Mientras me dan la matraca a todas horas los teledeportes que transmiten en directo y diferido los Juegos Olímpicos de Londres 2012, me acuerdo con reiteración, igualmente obsesiva y minuciosa, de mi viaje a la Hélade polifónica, peninsular y poli-insular, (¡Oh, Magna Grecia!) allá por 1.975, y en especial del momento aquel, cómico más que heroico, humano por encima de todo, en el que coroné de olivo la testa de una turista francesa que se puso a recorrer el estadio de Olimpia, compulsivamente apasionada.
Llegué allí, lugar muy próximo al mar azul de Ulises, y contemplé por los suelos trozos de columnas dóricas, jónicas y corintias, esparcidos por la hierba cortada al ras, de forma fortuita y que no cabía en mi mente imaginar. Todo era sencillo, pero espectacular y maravilloso. El aire se distraía entre las ramas y yo me hallaba absorto contemplando tanta belleza y tanta historia dilapidada.
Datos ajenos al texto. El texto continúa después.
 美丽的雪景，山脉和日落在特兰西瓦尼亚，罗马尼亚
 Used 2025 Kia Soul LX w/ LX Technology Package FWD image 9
Entonces se arrancó a mi diestra esa turista francesa casi en paños menores, como si fuera una cariátide de Fidias desvestida, y emprendió musculosamente una carrera frenética por el perímetro deportivo, solo recortado por una cerca de piedras. No había alrededor gradas altivas ni miles de espectadores vociferantes, yo solo para aplaudirla y jalearla. Y así fue.
Cuando volvió a mí, satisfecha, exhausta y sudorosa, ceñí sus sienes con una rama de olivo y me dejé abrazar y acariciar por ella. El tiempo se paró. Pero ha llegado hasta ahora que lo cuento.